Lo stesso test, effettuato a distanza di due anni su una resina invecchiata e sottoposta a invecchiamento (weathering: cicli di gelo, disgelo, pioggia, umido, secco, sole, intemperie), ha dimostrato che le caratteristiche rimangono perfettamente inalterate.

Come avete illustrato al convegno La forza della leggerezza (Mirandola, 18 settembre 2012), oltre ad avere messo in sicurezza gran parte del patrimonio artistico danneggiato in seguito al terremoto in Abruzzo, gli interventi effettuati con i vostri sistemi su monumenti dell’Emilia (come il campanile di Ganaceto, per esempio), negli anni precedenti al sisma, hanno dato prova della capacità delle fibre di carbonio di conferire resistenza alle strutture, considerando che sono rimaste intatte, diversamente da quelle che erano state rinforzate con sistemi tradizionali e che hanno riportato gravi danni, se non sono crollate completamente. È stato un collaudo involontario, che ci auguriamo non si ripeta mai più. Mentre, tornando ai test da voi effettuati sul nuovo sistema BETONTEX con le nuove resine IPN, quali sono stati gli altri risultati importanti?

In un campione rotto appositamente per essere analizzato al microscopio elettronico, abbiamo visto che la resina riesce a penetrare bene all’interno del filo formato da migliaia di singoli filamenti molto sottili (7-8 micron di diametro), consentendo a ciascun filamento di contribuire a sostenere i carichi.

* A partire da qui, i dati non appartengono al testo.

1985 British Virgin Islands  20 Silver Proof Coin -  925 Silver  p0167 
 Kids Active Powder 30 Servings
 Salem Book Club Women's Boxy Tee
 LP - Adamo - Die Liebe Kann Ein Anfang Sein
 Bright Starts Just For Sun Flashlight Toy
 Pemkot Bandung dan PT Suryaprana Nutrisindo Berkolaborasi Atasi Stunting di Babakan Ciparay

Non solo, ma la matrice risulta molto bene adesa alla fibra, tant’è che, anche nel cuore del campione visibile in seguito alla rottura, la fibra risulta ancora sporca della matrice utilizzata.

In una prova di applicazione di un laminato su una trave di cemento armato, sottoposta a flessione in quattro punti, fino a completa frattura e delaminazione, abbiamo constatato che il laminato si è staccato dalla trave strappando il calcestruzzo, per rottura a taglio del calcestruzzo, indice di un altissimo grado di adesione.

Nelle prove a cicli umido-secco, con metodi d’invecchiamento accelerato, abbiamo visto che, a distanza di diverse settimane, modificando ogni dodici ore le condizioni di esposizione (40 gradi con 100 per cento di umidità relativa o 60 gradi con 10 per cento di umidità relativa), i compositi ottenuti con le resine IPN hanno dimostrato una grande stabilità da un punto di vista sia estetico sia strutturale; inoltre erano assenti macchie o variazione di colore e non si sono riscontrati fessurazioni o distacchi dal supporto.

Infine, in prove di trazione per verificare l’adesione di tessuti in fibra di carbonio o di vetro in malte cementizie, abbiamo visto che l’utilizzo della resina IPN porta a un notevole aumento del carico di rottura delle fibre rispetto a fibre non trattate con queste resine; per di più, il materiale composito in questo caso non cede tutto in un colpo, ma permette tramite segnali visivi e sonori di programmare l’intervento necessario.

Dopo questi risultati eccellenti, non ci sorprende che il Salone del Restauro abbia dedicato allo stand di Ardea una posizione di prestigio, accanto a quello del Ministero dei Beni culturali, che potrà prendere atto dell’impegno da voi profuso nella ricerca incessante di "tecnologie al servizio della storia".

Sicuramente i nuovi ritrovati di Ardea Progetti e Sistemi daranno una svolta alle tecnologie dei compositi, in particolare alle nuove tecniche che prevedono l’impiego di malte quali matrici al posto delle resine epossidiche, rendendo queste tecnologie più compatibili con le esigenze specifiche dei monumenti storici.